→ Exercise requirements:
The entries are to be duplicated exactly, though any picture in them must be omitted.

-------- Data records --------

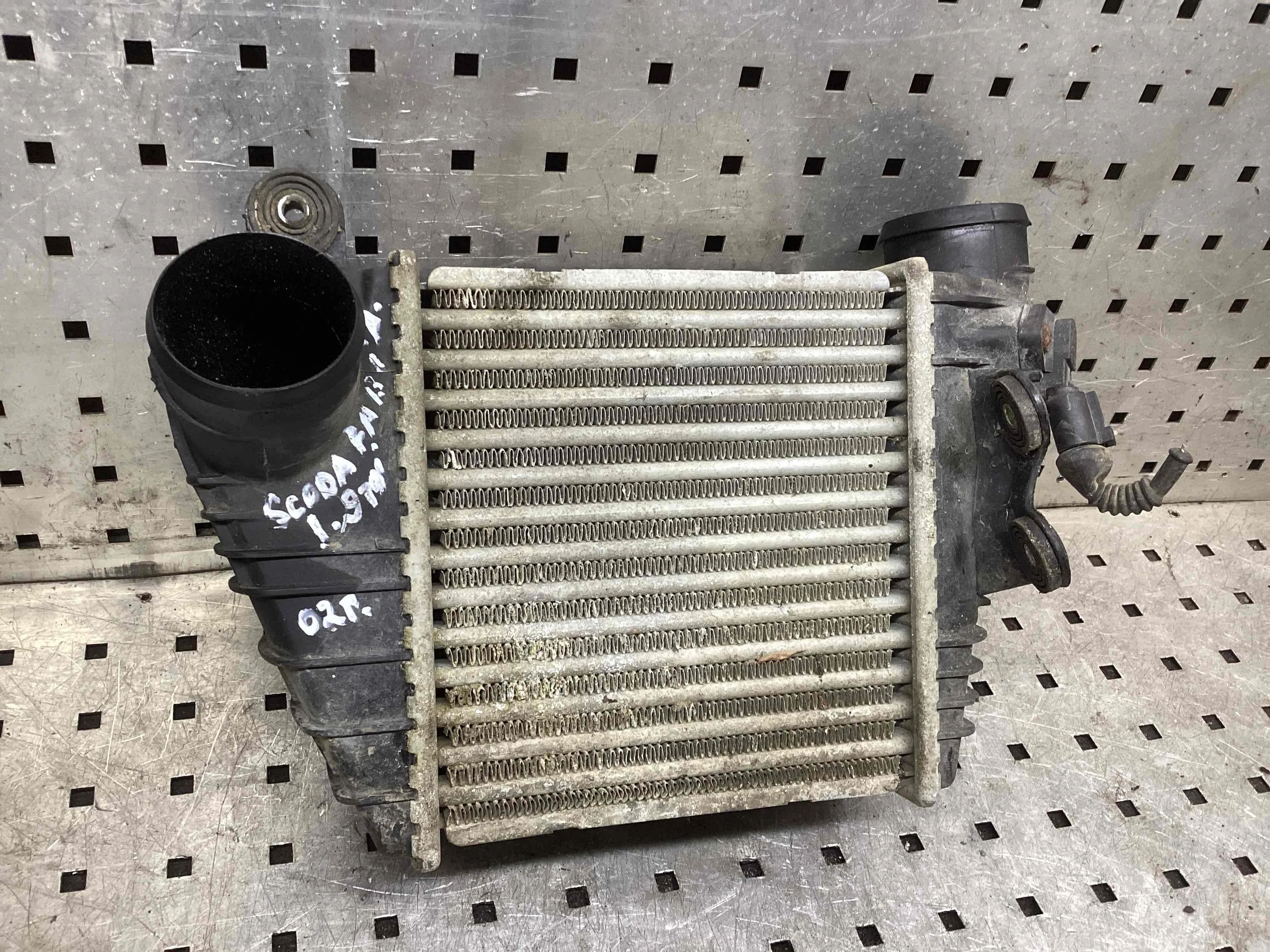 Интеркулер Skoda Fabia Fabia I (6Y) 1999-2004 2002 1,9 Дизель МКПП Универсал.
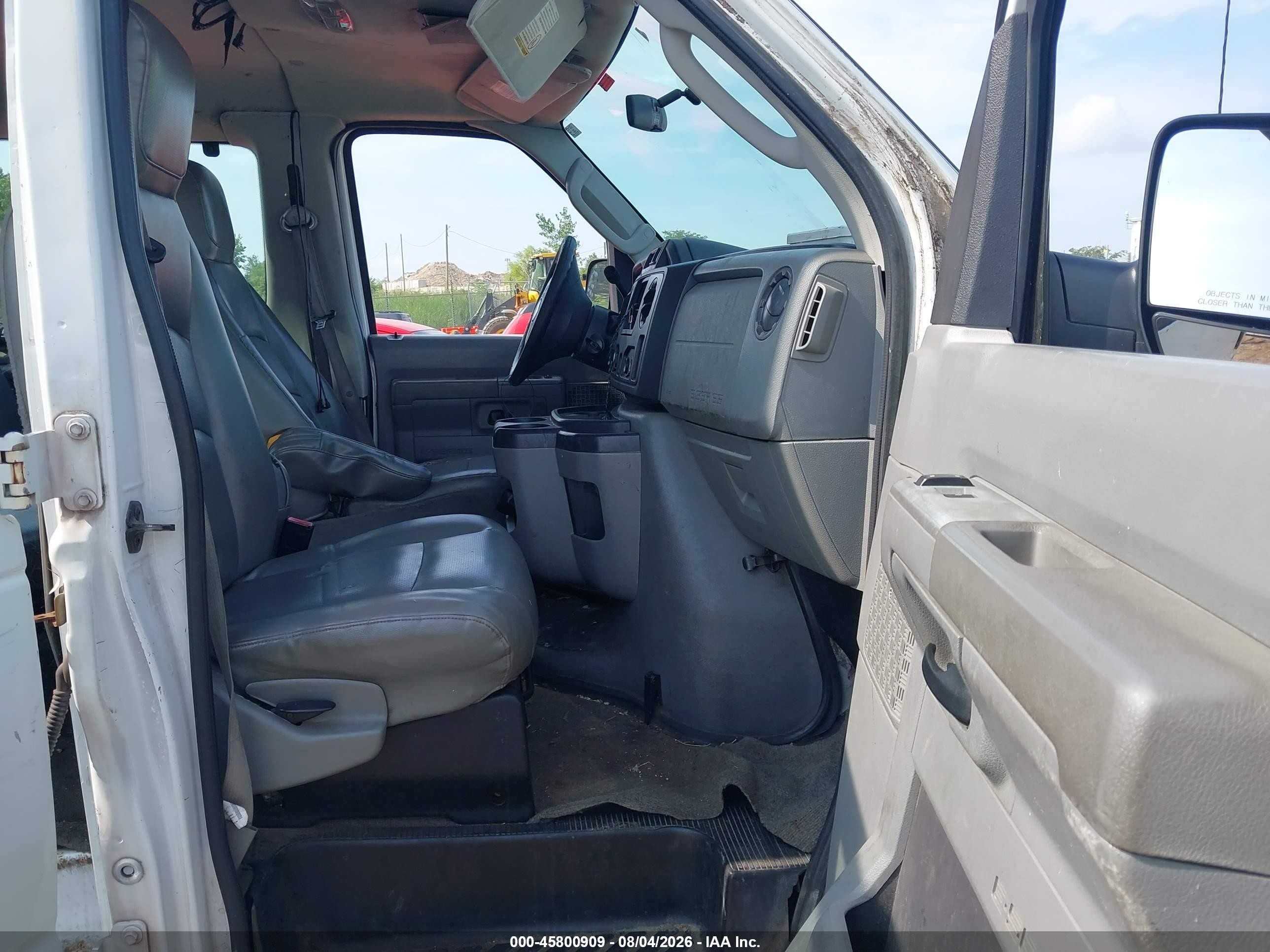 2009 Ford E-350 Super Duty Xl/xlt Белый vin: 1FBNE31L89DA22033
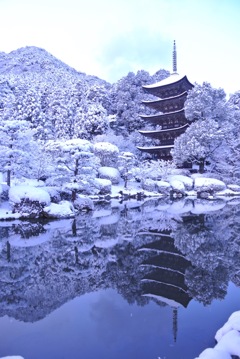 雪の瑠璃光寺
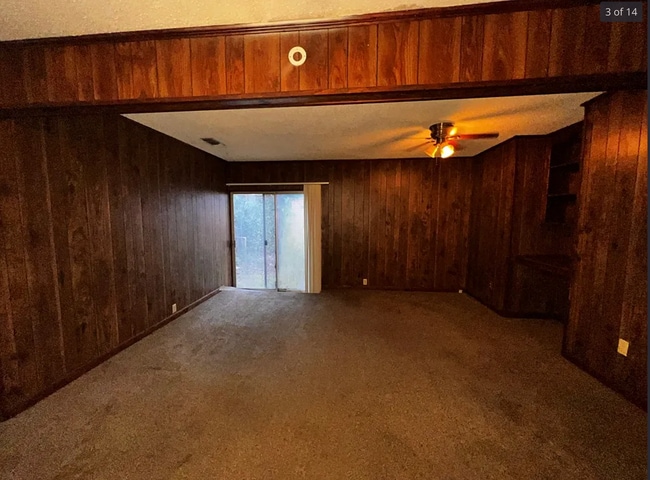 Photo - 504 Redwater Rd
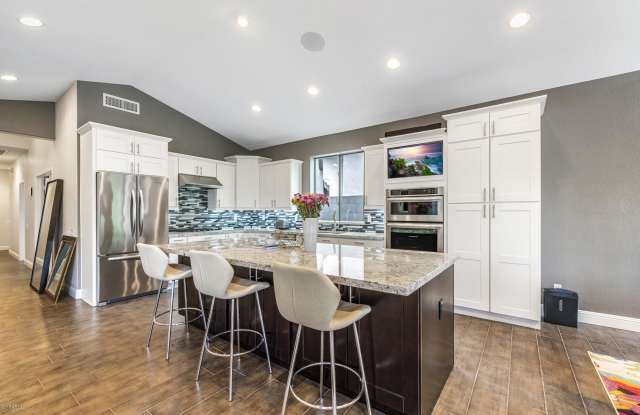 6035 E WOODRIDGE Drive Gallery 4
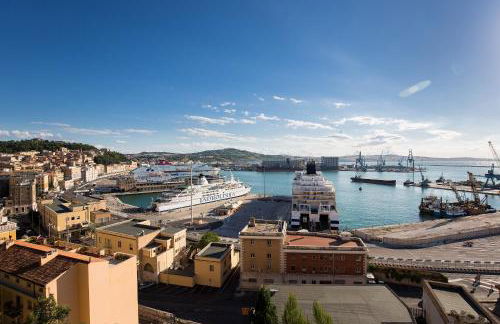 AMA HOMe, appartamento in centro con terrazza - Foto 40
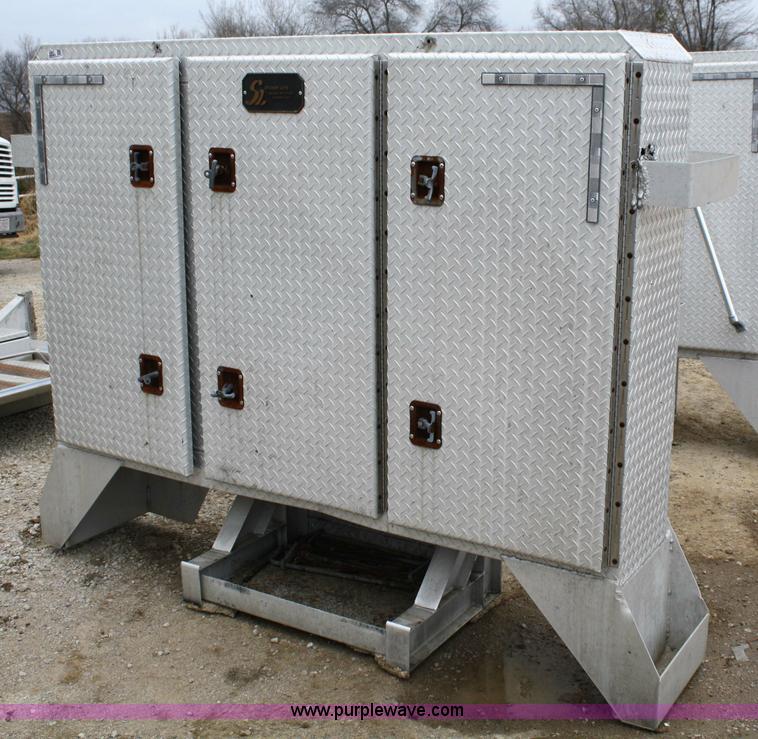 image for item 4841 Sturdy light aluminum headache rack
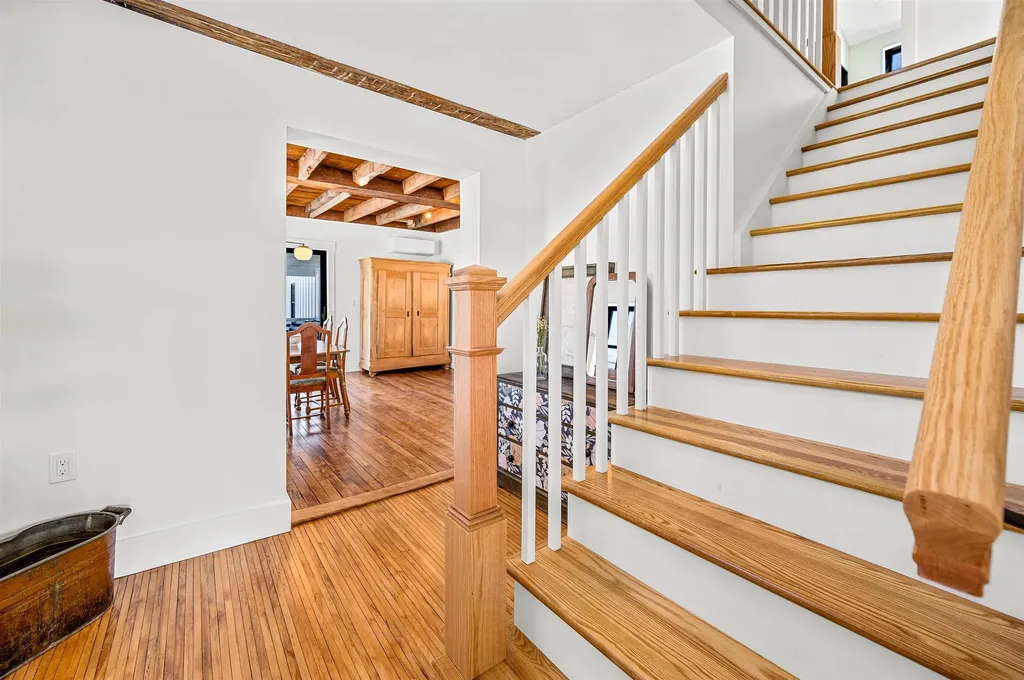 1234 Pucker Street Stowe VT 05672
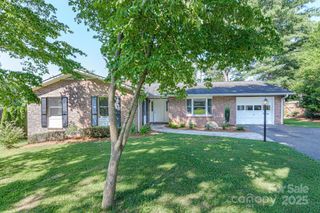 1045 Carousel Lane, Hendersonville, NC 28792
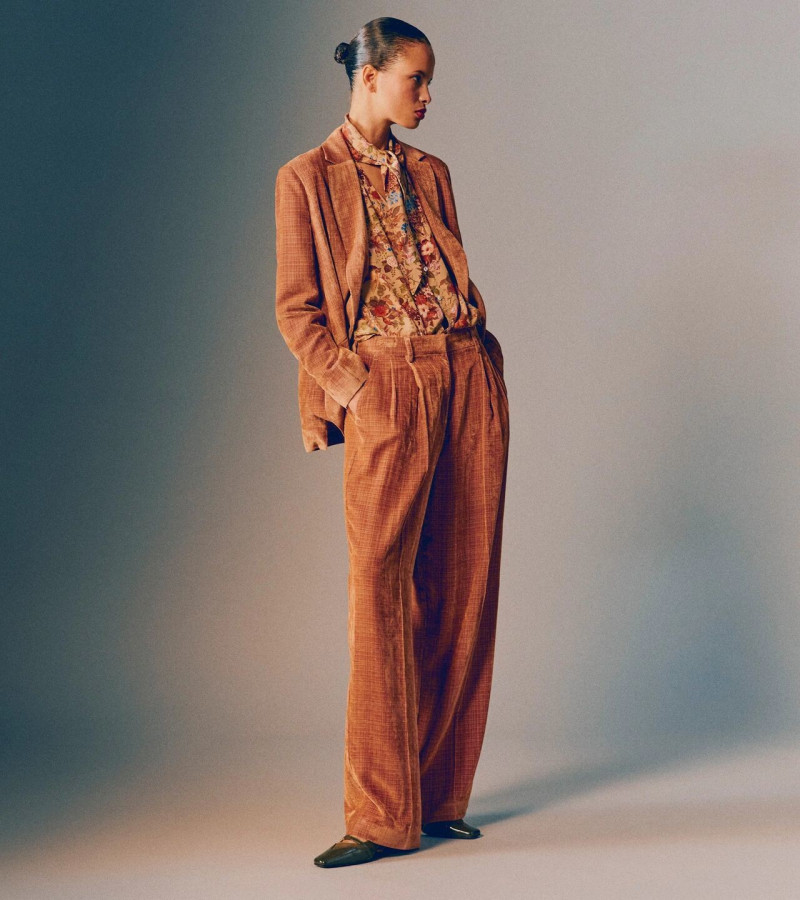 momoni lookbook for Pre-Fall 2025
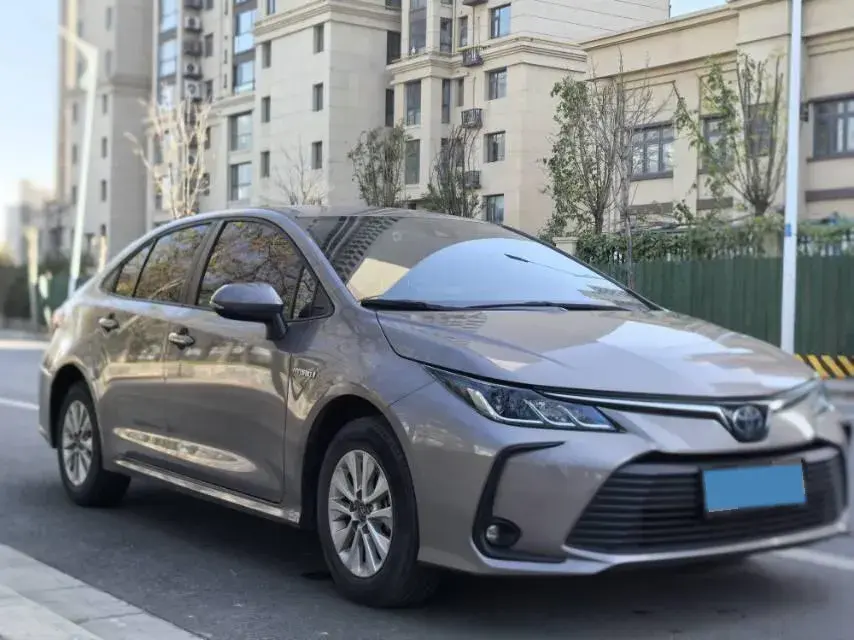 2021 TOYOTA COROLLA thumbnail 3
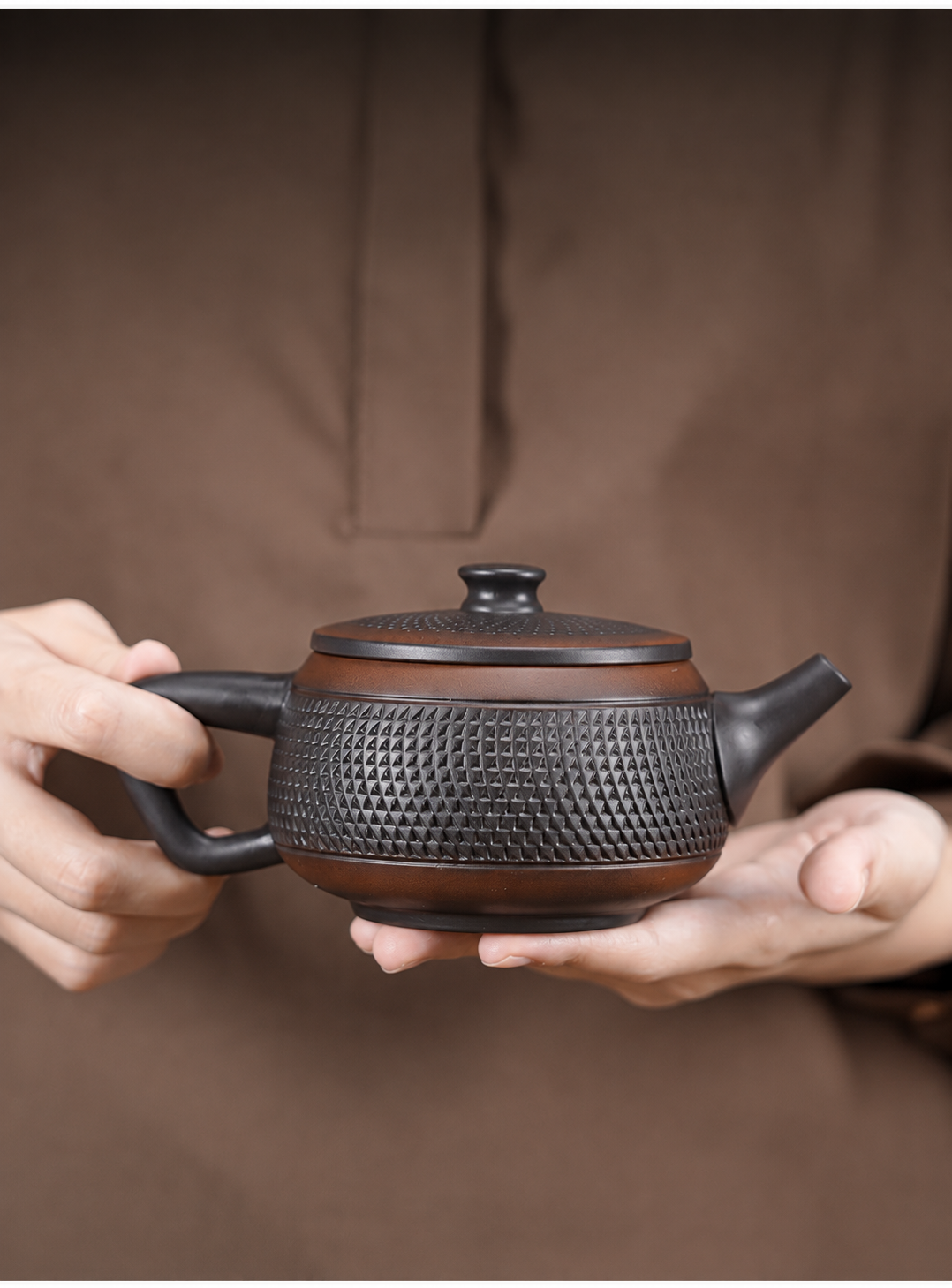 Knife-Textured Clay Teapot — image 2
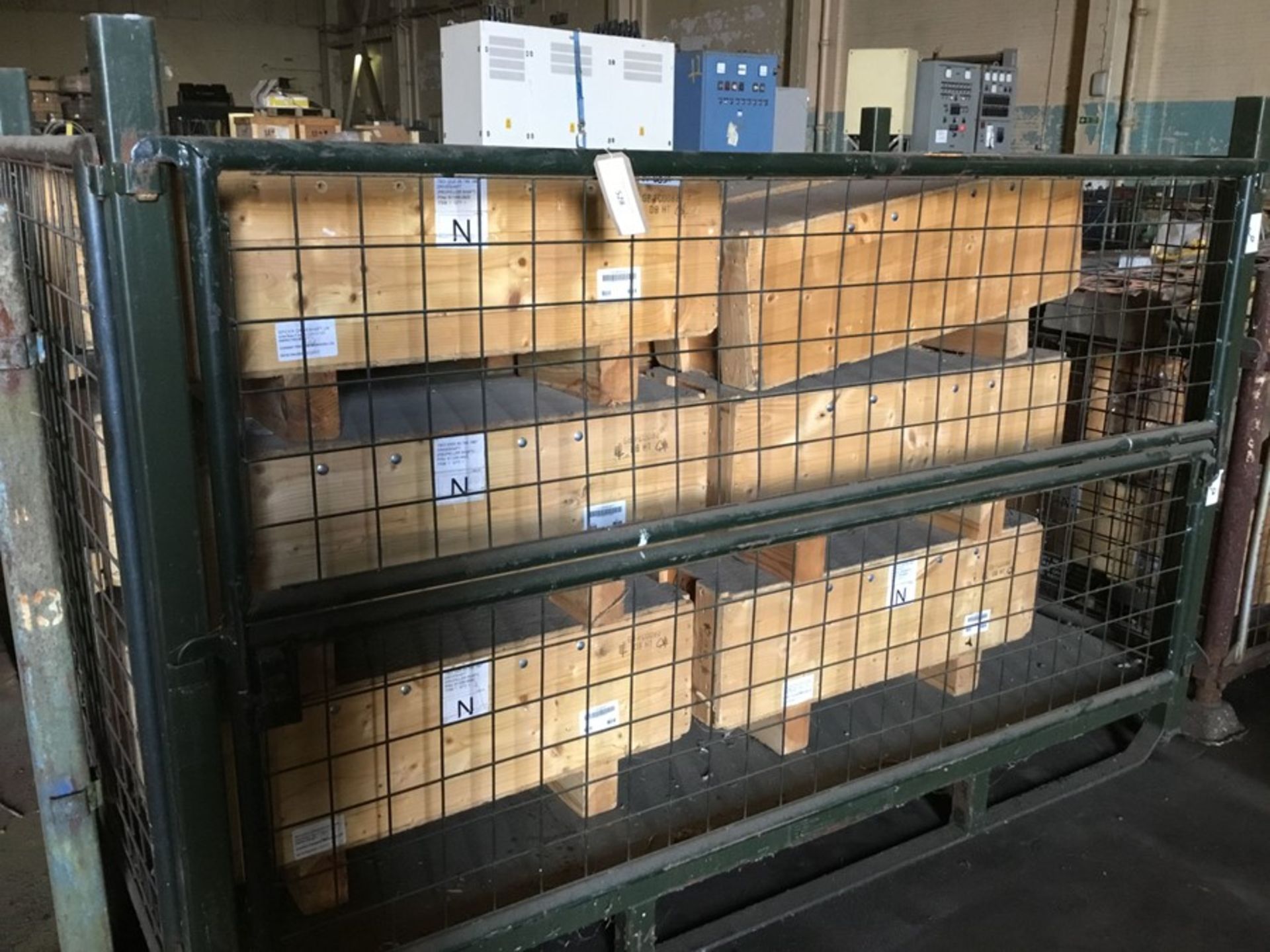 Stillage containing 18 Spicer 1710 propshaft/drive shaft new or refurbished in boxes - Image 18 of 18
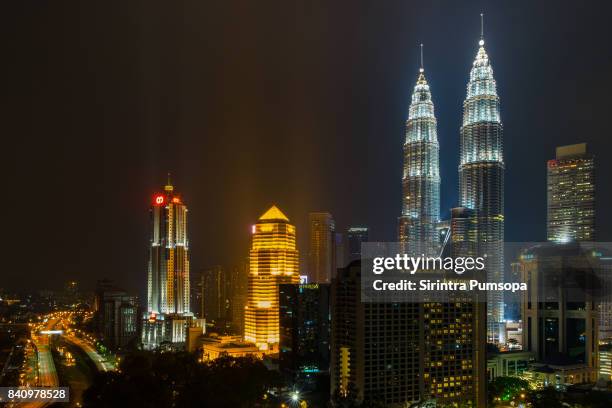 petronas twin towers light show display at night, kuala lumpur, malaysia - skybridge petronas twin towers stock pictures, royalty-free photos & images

--------

→ Written response:
 Интеркулер Skoda Fabia Fabia I (6Y) 1999-2004 2002 1,9 Дизель МКПП Универсал.
 2009 Ford E-350 Super Duty Xl/xlt Белый vin: 1FBNE31L89DA22033
 雪の瑠璃光寺
 Photo - 504 Redwater Rd
 6035 E WOODRIDGE Drive Gallery 4
 AMA HOMe, appartamento in centro con terrazza - Foto 40
 image for item 4841 Sturdy light aluminum headache rack
 1234 Pucker Street Stowe VT 05672
 1045 Carousel Lane, Hendersonville, NC 28792
 momoni lookbook for Pre-Fall 2025
 2021 TOYOTA COROLLA thumbnail 3
 Knife-Textured Clay Teapot — image 2
 Stillage containing 18 Spicer 1710 propshaft/drive shaft new or refurbished in boxes - Image 18 of 18
 petronas twin towers light show display at night, kuala lumpur, malaysia - skybridge petronas twin towers stock pictures, royalty-free photos & images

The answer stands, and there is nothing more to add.